Governance measures edit
Reduce the emission of pollutants
① Reform the energy structure and adopt pollution-free energy (such as solar, wind, and water power) and low-polluting energy (such as natural gas, biogas, alcohol).
②Pre-treatment of fuels (such as fuel desulfurization, coal liquefaction and gasification) reduces atmospheric pollution during combustion.
③Improve combustion equipment and combustion technology (such as reforming stoves, using boiling furnace combustion, etc.) to improve combustion efficiency and reduce harmful gas emissions.
④Using non-polluting or low-polluting industrial production processes (such as not using or using less polluting raw materials, using closed-loop technology, etc.).
⑤Energy saving and comprehensive utilization of resources.
⑥Strengthen corporate management to reduce accidental emissions and escapes.
⑦ Clean up and properly dispose of industrial, domestic and construction waste residues in time to minimize ground dust.
Control the primary pollutants discharged
After the measures mentioned above are taken in the combustion process and industrial production process, some pollutants are still discharged. The emission concentration and total emission should be controlled so that it does not exceed the area's environmental capacity. The main methods are:
① Use various dust collectors to remove smoke and different industrial clouds of dust.
②Using a gas absorption tower to treat harmful gases (such as ammonia, sodium hydroxide, sodium carbonate, and other alkaline solutions) absorb sulphur dioxide in exhaust gas; alkali absorption method to treat nitrogen oxides in exhaust smoke).
③Apply other physical (such as condensation), chemical (such as catalytic conversion), physicochemical (such as molecular sieve, activated carbon adsorption, membrane separation) methods to recycle valuable substances in the exhaust gas, or make harmful gases harmless.

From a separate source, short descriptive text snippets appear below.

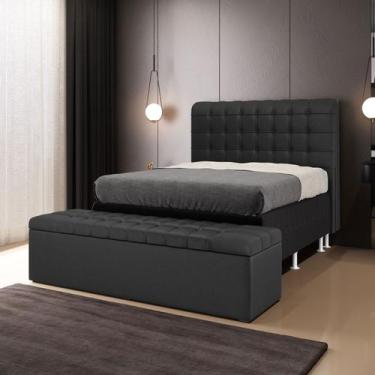 Imagem de Kit Cabeceira Dama 140 e Calçadeira Alpha A-012 Couro Artificial Preto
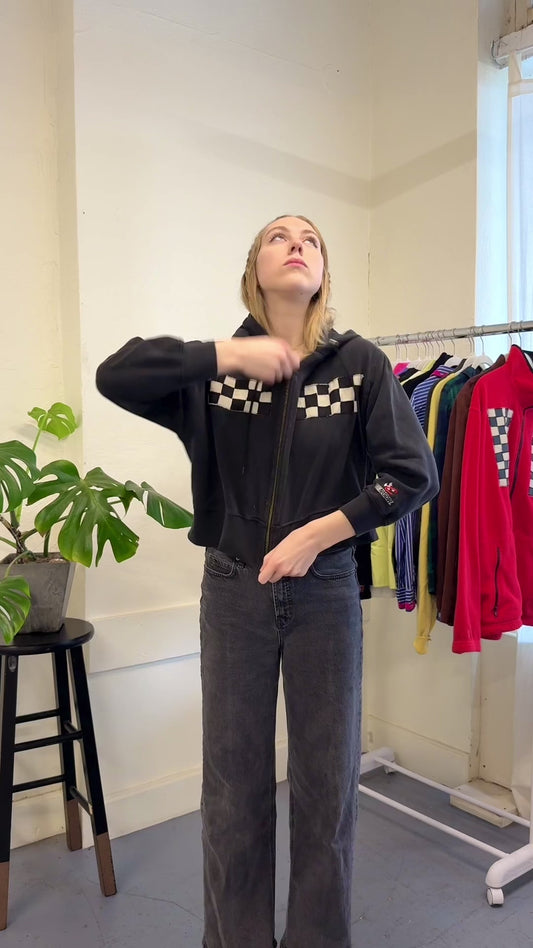 Black Checkered Hoodie (S/M)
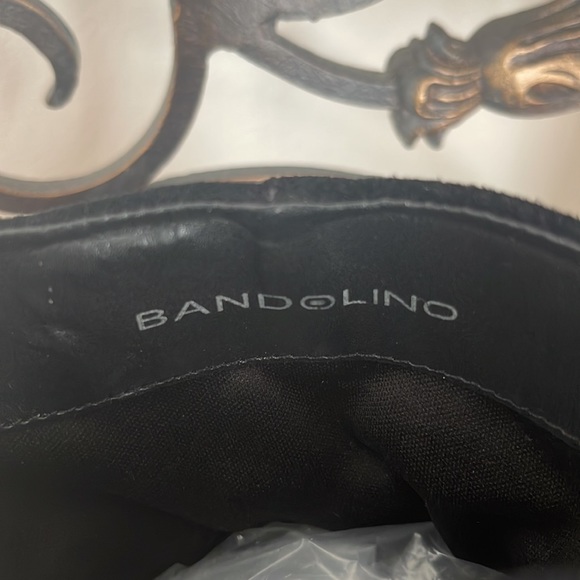 Bandolino Black suede wedge booties with zippers and buckle detail size 7M - Picture 6 of 6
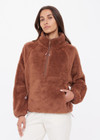 THE UPSIDE women's brown Harlow Fleece Pullover features quarter zip, elastic cuffs and waist, and is made from a recycled sherpa fabrication. Made for lifestyle.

Development of plant purification
Plants have the functions of beautifying the environment, adjusting the climate, intercepting dust, absorbing harmful gases in the atmosphere, and purifying the atmosphere continuously for a long time in a large area. Especially when the pollutants in the atmosphere have a wide range of influence and relatively low concentrations, plant purification is an effective method. The planned and selective expansion of green areas in cities and industrial sites is a long-term practical and multi-functional measure for the comprehensive prevention and control of air pollution.
Use the environment's self-purification ability.
The atmospheric environment's self-purification has physical and chemical effects (diffusion, dilution, oxidation, reduction, precipitation washing, etc.) and biological effects. When the total amount of pollutants discharged is constant, the temporal and spatial distribution of pollutant concentrations are related to meteorological conditions. Understanding and mastering the laws of meteorological changes and making full use of the atmosphere's self-purification ability can reduce the concentration of pollutants in the atmosphere and avoid Or reduce air pollution hazards. For example, based on the changes in aerodynamics and thermodynamics of the atmosphere in different regions and different heights, the chimneys' size in the other areas can be reasonably determined. The atmospheric pollutants discharged through the vents can be rapidly diffused and diluted in the atmosphere.